▶ **Task goal**:
Print the line containing "Ticket Hero S2 Chapter 303 Gambar 98" and each line after it through the end of the material below, exactly as it appears, but skip the pictures.
┌──
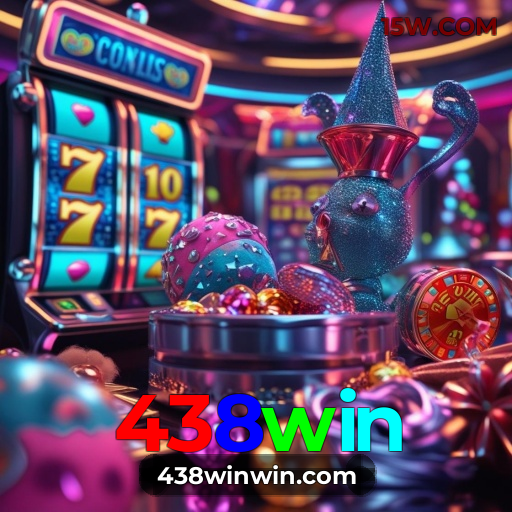Apostas esportivas ao vivo na 438win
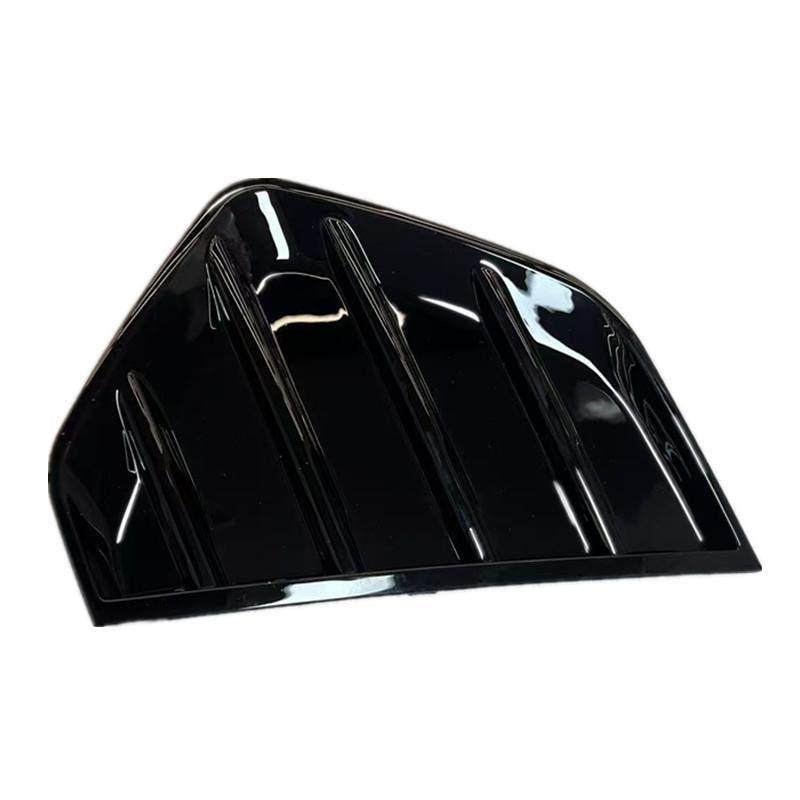 适用凯迪19-22款CT6前雾灯罩保险杠雾灯框前蒙皮开口盖雾灯框孔盖,汽车零部件/养护/美容/维保,雾灯,淘宝优惠券,粉丝福利购,淘宝优惠卷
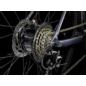 Rower TREK Dual Sport+ 2 Mid-step LT
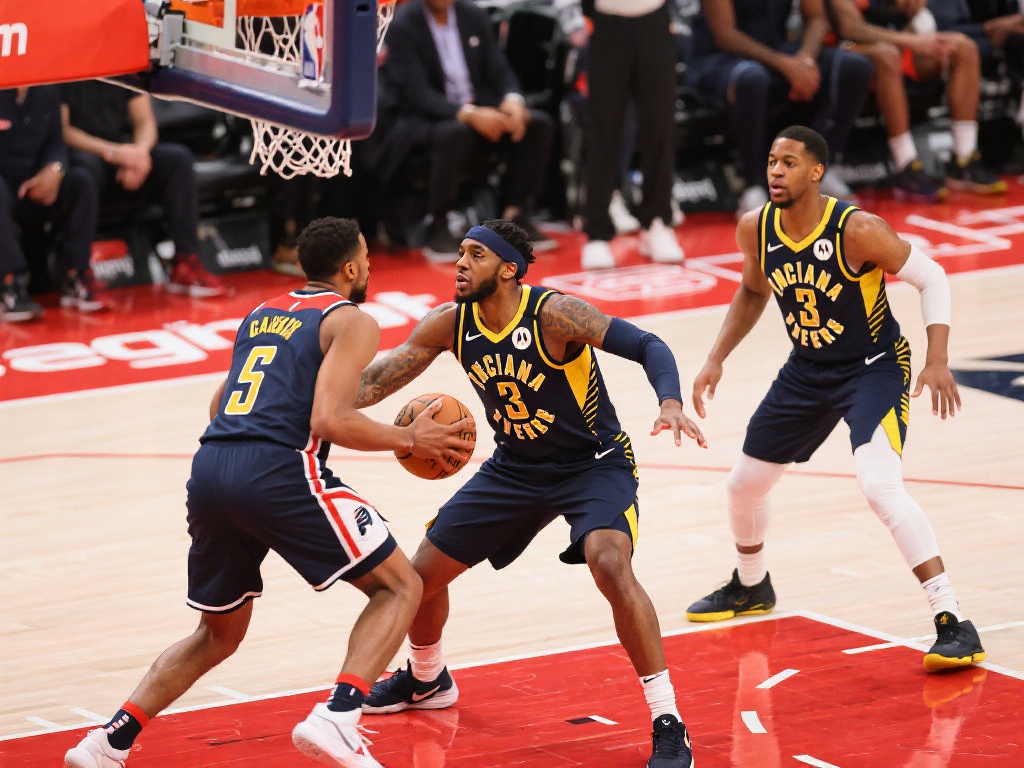 家队在世界 家队在世界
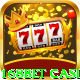 168bet casino Pro - Free Download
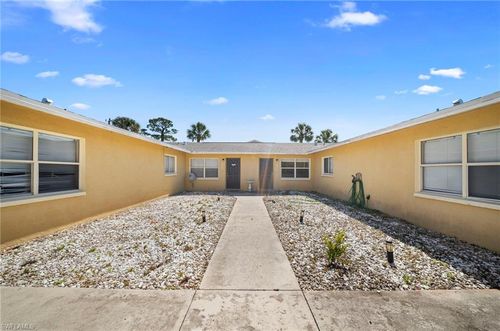13403 Pine Needle Ln, FORT MYERS, FL, 33908-2972 | Card Image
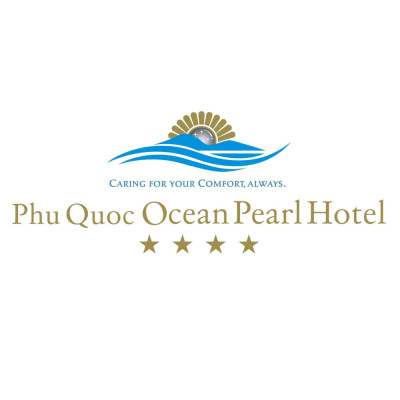 Phú Quốc Ocean Pearl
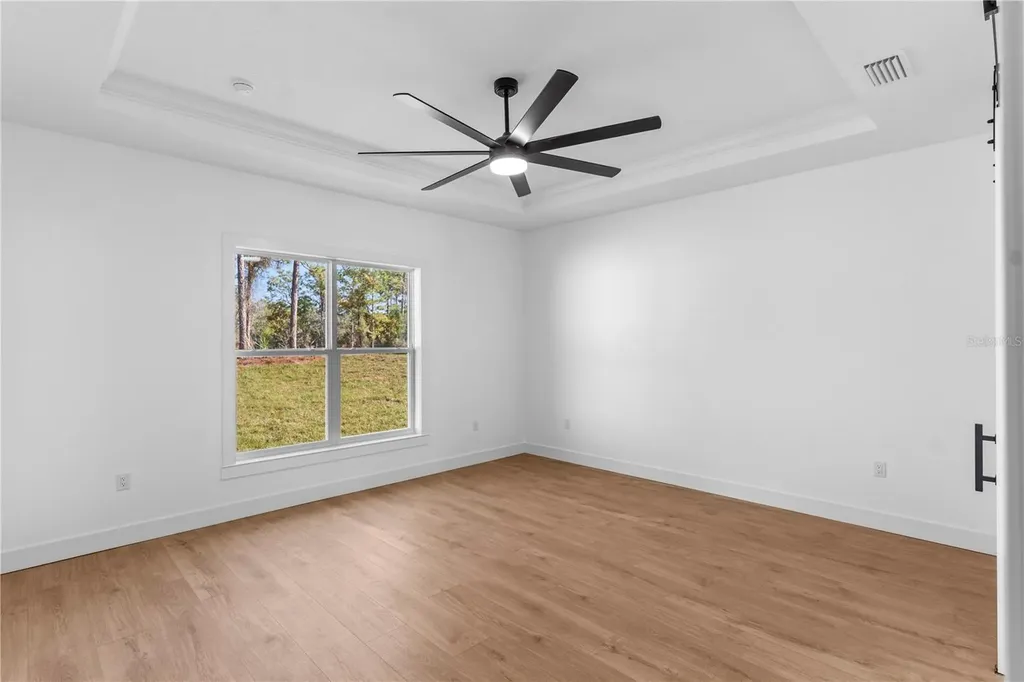 8090 Nordica Road Brooksville FL 34613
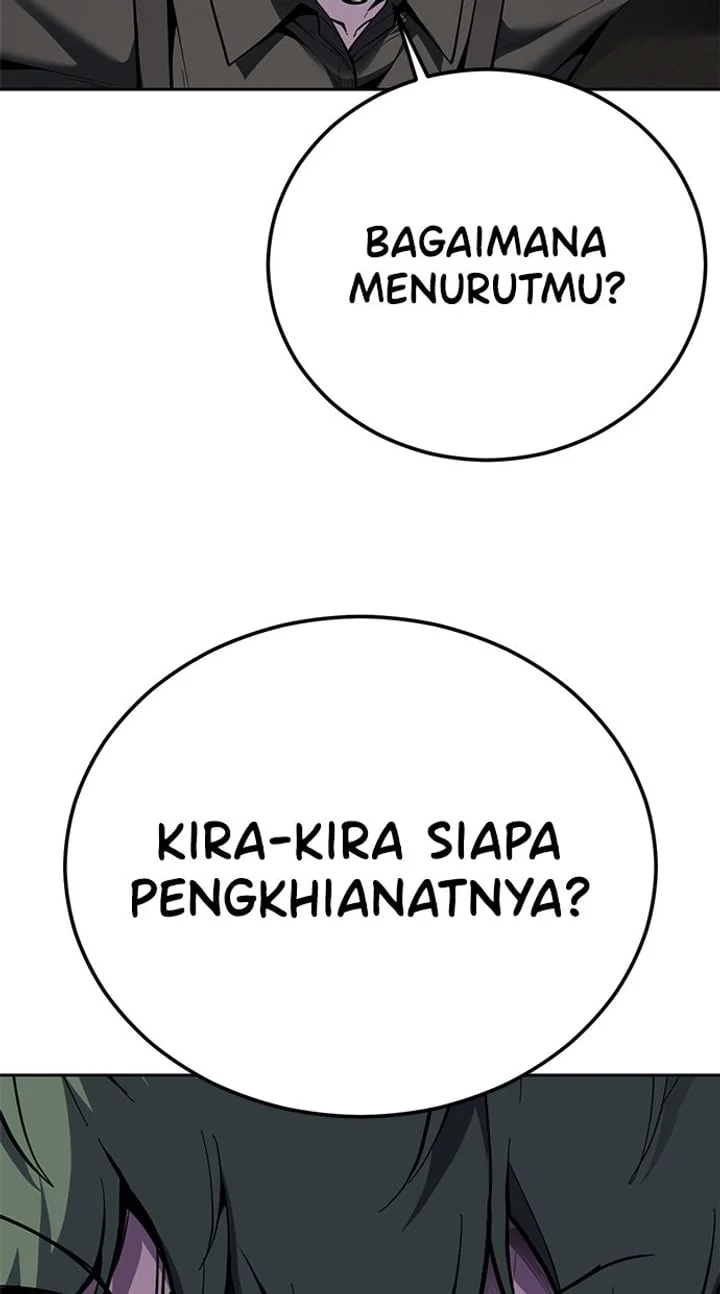 Ticket Hero S2 Chapter 303 Gambar 98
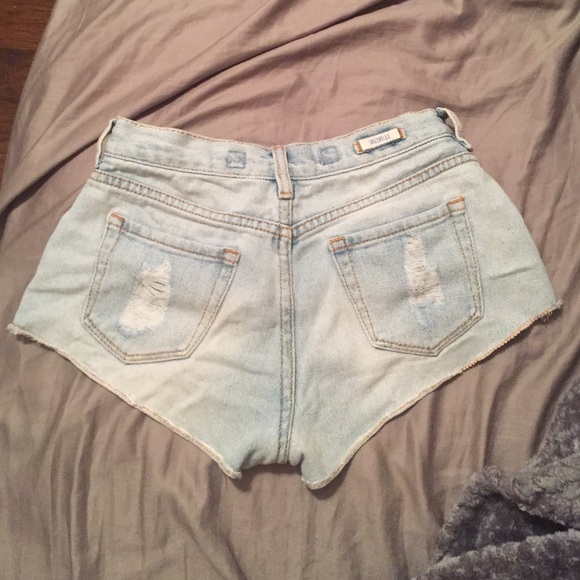 SOLD - Picture 2 of 4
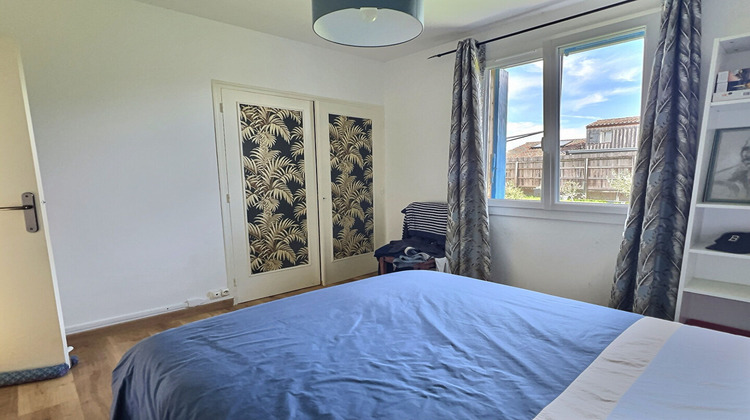 Ma-Cabane - Vente Maison VILLENEUVE-SUR-LOT, 88 m²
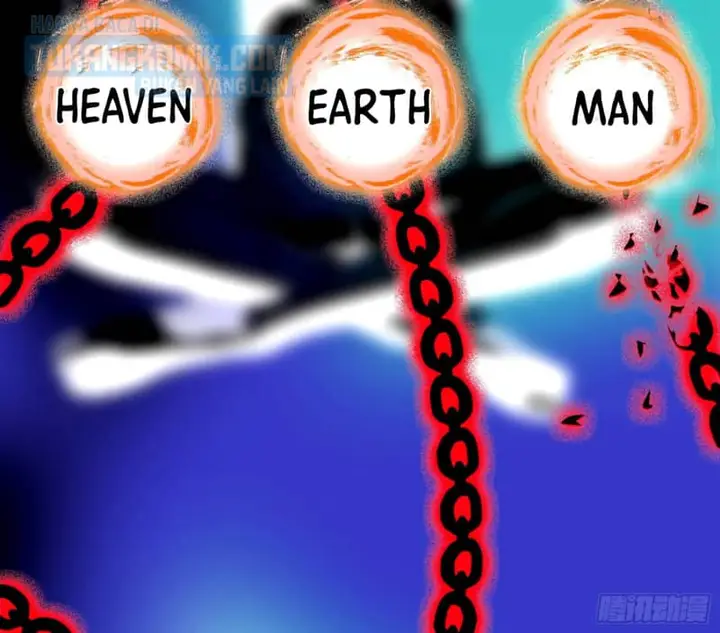 image-komik-im-an-evil-god-chapter-289-19/120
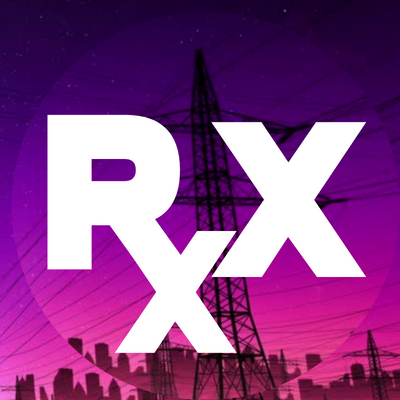 ReduxxMag Profile Picture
└──
▶ **Reply**:
 Ticket Hero S2 Chapter 303 Gambar 98
 SOLD - Picture 2 of 4
 Ma-Cabane - Vente Maison VILLENEUVE-SUR-LOT, 88 m²
 image-komik-im-an-evil-god-chapter-289-19/120
 ReduxxMag Profile Picture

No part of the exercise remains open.